Dix ans après sa sortie, j’ai voulu redonner une chance à Inherent Vice, que je n’avais déjà pas aimé à l’époque. Et malgré le temps, mon avis n’a pas changé : je n’accroche toujours pas à cette déambulation psychédélique dans le Los Angeles des années 70. Je reconnais pourtant un vrai travail de cohérence de la part de Paul Thomas Anderson. Le film adopte un rythme fragmenté, avec des plans souvent coupés de manière abrupte, des séquences elliptiques qui reflètent l’état mental de Doc Sportello, constamment sous drogue. D’un point de vue formel, le film épouse parfaitement son sujet, il est construit autour d’une logique interne qui tient. Et il s’inscrit clairement dans la lignée de certains films d’exploitation ou d’auteur des années 70 dont il reprend les codes esthétiques et narratifs.

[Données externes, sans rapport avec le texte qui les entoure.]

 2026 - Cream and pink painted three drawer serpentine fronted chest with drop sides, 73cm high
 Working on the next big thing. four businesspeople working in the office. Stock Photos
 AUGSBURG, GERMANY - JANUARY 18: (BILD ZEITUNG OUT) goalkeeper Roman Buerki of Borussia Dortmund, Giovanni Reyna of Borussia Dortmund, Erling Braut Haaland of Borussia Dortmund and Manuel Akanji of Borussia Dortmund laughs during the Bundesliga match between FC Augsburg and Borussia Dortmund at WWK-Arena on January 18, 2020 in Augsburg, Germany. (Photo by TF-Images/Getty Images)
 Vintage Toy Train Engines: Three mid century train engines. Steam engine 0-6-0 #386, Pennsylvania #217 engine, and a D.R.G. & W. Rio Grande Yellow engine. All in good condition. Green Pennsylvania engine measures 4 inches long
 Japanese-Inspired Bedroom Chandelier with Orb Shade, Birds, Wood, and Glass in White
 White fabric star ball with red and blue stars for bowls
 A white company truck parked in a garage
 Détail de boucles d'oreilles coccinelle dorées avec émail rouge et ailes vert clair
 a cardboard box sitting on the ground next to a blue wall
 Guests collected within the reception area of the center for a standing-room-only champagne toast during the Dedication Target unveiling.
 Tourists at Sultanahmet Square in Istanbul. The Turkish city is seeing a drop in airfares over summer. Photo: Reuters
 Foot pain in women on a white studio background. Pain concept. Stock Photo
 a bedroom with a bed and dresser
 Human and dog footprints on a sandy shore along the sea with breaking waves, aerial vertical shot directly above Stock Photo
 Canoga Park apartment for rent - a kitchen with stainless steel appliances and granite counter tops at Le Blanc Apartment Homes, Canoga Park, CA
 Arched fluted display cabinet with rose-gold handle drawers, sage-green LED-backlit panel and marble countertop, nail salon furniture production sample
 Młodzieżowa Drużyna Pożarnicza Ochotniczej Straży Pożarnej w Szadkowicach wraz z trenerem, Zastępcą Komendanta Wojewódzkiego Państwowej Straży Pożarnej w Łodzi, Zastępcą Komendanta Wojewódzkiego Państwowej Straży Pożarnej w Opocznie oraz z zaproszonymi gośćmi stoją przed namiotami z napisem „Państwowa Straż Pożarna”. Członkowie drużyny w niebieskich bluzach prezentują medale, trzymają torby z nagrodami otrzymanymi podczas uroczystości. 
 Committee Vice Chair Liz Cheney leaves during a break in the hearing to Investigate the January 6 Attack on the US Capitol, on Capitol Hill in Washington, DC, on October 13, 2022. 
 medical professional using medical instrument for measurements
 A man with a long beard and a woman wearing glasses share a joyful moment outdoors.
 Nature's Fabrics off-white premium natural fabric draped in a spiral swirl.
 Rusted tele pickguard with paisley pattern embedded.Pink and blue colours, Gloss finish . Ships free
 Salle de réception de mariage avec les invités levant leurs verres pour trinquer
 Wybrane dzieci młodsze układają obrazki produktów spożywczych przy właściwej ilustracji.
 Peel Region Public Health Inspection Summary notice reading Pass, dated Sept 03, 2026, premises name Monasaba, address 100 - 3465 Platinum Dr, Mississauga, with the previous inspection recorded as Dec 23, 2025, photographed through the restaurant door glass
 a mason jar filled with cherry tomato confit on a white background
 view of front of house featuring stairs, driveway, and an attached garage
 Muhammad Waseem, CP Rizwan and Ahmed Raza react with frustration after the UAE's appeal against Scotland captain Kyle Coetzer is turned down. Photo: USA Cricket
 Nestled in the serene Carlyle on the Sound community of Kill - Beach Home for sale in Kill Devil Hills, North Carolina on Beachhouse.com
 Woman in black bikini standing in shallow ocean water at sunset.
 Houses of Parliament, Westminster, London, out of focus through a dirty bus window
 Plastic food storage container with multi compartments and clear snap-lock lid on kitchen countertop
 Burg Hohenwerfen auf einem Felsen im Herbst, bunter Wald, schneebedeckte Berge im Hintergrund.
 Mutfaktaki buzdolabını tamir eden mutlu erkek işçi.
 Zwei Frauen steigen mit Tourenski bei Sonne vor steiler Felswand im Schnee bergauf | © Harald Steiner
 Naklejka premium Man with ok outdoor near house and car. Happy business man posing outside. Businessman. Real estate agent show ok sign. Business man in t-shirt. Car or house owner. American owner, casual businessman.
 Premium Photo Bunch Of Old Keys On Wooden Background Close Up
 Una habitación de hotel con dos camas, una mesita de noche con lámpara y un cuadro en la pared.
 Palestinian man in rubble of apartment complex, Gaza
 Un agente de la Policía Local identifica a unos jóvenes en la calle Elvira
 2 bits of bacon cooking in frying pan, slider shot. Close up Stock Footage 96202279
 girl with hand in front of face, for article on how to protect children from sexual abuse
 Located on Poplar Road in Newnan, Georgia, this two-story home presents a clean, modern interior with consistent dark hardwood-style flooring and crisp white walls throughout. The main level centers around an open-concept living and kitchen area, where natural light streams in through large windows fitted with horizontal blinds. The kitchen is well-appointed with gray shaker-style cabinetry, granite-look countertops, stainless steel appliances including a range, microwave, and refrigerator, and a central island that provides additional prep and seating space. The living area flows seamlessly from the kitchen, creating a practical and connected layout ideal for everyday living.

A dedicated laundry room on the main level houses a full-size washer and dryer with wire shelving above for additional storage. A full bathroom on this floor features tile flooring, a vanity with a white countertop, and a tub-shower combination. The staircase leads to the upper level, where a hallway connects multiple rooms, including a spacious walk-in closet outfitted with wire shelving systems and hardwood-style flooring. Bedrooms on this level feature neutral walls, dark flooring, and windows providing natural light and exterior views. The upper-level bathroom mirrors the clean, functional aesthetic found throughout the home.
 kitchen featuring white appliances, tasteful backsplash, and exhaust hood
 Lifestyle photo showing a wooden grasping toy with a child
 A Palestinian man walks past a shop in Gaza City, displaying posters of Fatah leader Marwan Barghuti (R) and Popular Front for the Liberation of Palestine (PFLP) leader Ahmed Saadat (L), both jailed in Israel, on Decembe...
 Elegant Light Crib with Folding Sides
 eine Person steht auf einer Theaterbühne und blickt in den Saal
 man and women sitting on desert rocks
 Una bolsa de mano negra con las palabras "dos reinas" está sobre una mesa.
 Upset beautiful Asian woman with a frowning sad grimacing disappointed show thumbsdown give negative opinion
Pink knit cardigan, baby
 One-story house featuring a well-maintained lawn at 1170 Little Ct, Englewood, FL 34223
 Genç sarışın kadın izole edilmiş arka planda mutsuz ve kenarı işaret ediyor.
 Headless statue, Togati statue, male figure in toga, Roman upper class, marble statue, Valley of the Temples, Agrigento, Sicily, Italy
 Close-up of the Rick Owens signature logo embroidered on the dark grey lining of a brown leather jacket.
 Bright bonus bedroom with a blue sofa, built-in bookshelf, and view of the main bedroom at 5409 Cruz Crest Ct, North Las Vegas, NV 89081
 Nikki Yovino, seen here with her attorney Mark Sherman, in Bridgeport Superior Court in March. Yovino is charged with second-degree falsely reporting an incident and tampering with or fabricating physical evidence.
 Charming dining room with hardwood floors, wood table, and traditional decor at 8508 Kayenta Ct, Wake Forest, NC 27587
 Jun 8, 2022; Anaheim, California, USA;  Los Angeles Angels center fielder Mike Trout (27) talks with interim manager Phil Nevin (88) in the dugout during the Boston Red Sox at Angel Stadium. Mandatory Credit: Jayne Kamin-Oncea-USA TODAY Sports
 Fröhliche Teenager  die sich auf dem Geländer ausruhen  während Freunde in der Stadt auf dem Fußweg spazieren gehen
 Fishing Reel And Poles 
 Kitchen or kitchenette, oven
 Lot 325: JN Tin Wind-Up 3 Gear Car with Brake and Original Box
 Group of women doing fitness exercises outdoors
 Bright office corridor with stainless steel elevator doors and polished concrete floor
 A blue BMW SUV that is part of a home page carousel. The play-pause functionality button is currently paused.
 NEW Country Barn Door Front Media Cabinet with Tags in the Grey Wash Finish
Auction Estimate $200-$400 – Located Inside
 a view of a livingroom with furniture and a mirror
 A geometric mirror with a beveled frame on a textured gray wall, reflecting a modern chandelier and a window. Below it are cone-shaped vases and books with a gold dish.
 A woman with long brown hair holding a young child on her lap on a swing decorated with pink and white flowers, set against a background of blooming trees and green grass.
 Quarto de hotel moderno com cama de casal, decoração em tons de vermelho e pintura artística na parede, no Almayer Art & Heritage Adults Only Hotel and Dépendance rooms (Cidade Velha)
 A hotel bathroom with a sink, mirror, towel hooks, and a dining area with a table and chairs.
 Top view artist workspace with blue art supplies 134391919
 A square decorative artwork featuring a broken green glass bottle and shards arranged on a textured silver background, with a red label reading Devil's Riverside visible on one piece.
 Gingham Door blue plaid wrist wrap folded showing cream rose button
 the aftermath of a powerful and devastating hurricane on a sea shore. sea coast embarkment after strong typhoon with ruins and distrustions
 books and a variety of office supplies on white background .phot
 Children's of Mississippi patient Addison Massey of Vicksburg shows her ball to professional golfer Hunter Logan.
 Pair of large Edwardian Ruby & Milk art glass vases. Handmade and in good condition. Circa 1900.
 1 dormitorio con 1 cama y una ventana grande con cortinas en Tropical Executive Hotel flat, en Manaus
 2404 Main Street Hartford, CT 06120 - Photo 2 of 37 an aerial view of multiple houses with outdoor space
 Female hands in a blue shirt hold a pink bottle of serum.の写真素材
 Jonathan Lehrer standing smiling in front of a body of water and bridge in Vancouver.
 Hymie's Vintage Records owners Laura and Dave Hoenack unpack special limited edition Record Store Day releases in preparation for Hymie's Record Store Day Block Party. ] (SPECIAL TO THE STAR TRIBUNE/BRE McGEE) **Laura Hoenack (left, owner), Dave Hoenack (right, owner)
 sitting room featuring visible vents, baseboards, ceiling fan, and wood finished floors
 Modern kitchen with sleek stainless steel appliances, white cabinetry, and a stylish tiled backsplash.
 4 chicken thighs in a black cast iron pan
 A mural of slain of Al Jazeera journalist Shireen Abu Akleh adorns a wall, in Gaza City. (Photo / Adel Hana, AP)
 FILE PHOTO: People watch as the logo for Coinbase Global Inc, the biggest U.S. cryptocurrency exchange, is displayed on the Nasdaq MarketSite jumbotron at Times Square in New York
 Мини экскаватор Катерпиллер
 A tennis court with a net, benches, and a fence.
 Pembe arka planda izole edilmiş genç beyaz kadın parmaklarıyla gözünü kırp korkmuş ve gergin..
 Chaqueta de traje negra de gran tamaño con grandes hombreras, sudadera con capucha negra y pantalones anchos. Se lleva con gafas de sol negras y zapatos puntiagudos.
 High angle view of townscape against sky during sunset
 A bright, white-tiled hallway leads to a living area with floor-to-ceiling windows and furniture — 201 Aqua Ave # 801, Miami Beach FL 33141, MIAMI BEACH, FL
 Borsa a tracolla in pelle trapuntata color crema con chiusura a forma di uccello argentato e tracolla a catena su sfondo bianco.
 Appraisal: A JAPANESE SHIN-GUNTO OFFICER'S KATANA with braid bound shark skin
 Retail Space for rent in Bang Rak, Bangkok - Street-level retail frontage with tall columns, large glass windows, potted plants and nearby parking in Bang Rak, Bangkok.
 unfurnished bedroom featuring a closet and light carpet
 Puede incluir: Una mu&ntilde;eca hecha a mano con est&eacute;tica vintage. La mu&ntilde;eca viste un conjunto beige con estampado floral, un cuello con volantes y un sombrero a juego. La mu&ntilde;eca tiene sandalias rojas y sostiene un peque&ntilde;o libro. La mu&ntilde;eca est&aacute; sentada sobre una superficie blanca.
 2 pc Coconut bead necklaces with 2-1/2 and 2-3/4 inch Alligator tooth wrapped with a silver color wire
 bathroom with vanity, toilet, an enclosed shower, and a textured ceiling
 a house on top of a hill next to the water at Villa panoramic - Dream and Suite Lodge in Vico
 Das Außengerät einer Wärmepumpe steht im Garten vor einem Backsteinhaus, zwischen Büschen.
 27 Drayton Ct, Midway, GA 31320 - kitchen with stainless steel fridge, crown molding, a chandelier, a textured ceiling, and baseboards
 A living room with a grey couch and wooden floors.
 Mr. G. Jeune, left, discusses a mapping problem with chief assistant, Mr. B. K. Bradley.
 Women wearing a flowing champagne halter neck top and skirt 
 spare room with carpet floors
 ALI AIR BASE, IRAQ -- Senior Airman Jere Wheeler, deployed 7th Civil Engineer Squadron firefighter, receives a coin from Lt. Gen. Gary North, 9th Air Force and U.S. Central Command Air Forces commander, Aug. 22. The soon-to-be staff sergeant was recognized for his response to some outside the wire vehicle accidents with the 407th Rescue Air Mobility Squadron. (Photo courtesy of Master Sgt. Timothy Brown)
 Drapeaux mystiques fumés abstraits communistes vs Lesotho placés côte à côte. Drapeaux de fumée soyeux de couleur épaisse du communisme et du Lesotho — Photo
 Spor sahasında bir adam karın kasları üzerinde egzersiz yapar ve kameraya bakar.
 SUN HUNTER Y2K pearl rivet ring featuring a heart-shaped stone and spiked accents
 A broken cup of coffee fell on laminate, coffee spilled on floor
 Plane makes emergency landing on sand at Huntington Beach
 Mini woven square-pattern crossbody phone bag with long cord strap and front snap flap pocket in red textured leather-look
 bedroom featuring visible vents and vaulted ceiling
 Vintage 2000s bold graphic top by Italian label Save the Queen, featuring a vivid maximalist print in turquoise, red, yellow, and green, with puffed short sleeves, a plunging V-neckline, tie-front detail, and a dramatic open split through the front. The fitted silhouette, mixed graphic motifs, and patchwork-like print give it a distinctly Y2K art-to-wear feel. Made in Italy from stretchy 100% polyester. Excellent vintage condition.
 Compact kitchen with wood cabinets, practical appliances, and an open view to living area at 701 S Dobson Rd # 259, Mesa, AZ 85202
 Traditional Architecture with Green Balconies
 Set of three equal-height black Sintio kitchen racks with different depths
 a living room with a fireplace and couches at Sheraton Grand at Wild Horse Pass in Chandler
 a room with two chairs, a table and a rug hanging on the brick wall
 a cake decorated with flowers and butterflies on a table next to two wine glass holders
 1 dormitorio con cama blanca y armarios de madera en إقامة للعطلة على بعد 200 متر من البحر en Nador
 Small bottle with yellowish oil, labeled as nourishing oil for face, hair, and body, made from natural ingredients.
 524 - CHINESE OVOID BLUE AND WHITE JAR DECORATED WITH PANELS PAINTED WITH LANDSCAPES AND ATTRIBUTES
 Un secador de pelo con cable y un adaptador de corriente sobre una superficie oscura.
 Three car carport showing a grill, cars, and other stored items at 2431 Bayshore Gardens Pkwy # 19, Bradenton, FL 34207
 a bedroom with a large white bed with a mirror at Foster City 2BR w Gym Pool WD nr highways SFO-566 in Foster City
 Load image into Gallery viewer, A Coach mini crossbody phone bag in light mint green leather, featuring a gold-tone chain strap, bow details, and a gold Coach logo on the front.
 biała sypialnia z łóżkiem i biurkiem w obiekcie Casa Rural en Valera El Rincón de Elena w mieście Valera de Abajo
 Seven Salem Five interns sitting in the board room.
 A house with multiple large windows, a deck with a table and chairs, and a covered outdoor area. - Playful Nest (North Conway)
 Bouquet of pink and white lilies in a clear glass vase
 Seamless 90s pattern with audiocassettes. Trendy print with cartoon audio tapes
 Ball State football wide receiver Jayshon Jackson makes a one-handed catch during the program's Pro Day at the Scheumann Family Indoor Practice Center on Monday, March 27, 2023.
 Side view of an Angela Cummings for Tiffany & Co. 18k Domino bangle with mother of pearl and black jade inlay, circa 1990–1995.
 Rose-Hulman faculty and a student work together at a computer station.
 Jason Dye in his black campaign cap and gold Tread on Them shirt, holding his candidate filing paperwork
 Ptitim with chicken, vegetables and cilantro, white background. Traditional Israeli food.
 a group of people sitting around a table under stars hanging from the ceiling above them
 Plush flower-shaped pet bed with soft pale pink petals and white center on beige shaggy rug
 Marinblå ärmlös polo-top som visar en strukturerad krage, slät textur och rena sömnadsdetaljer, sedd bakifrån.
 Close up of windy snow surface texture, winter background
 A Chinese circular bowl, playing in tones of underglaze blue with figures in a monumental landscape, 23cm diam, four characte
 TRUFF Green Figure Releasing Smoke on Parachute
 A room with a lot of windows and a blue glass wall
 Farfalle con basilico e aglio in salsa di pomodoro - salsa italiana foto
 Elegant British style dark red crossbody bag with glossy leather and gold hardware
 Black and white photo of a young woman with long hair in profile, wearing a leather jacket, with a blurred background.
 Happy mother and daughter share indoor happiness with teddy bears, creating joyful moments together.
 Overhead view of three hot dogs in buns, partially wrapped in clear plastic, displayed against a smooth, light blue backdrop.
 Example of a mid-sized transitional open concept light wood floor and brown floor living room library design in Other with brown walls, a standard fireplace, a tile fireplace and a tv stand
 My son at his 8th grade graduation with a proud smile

Mais en tant que spectatrice, l’expérience est trop déroutante, mais pas engageante. Tout semble désincarné. Les personnages sont eux-mêmes dans un détachement quasi permanent, comme s’ils flottaient au-dessus des enjeux. Cette succession de scènes absurdes, parfois drôles, souvent creuses, donne au film une tonalité vaguement nihiliste. Comme eux, on finit par se désintéresser de ce qui leur arrive. 
Quelques scènes émergent pourtant de la fumée. Il y a une vraie douceur dans la première rencontre entre Doc et Shasta, une mélancolie suspendue dans le silence. Il y a aussi un humour satirique bien senti avec Bigfoot et ses sous-entendus sexuels constants, ou encore ce repaire de dentistes sous acide. Joaquin Phoenix compose un Doc halluciné, parfaitement crédible en détective hippie marginal qui refuse de rentrer dans le système. 
Mais au final, rien n’y fait. Je garde l’impression que j’avais eue à la première vision : celle qu’il faut planer pour vraiment accéder au niveau de lecture du film, pour “comprendre” ce qu’il essaie de nous faire vivre. Moi, clairement, ça ne fonctionne pas.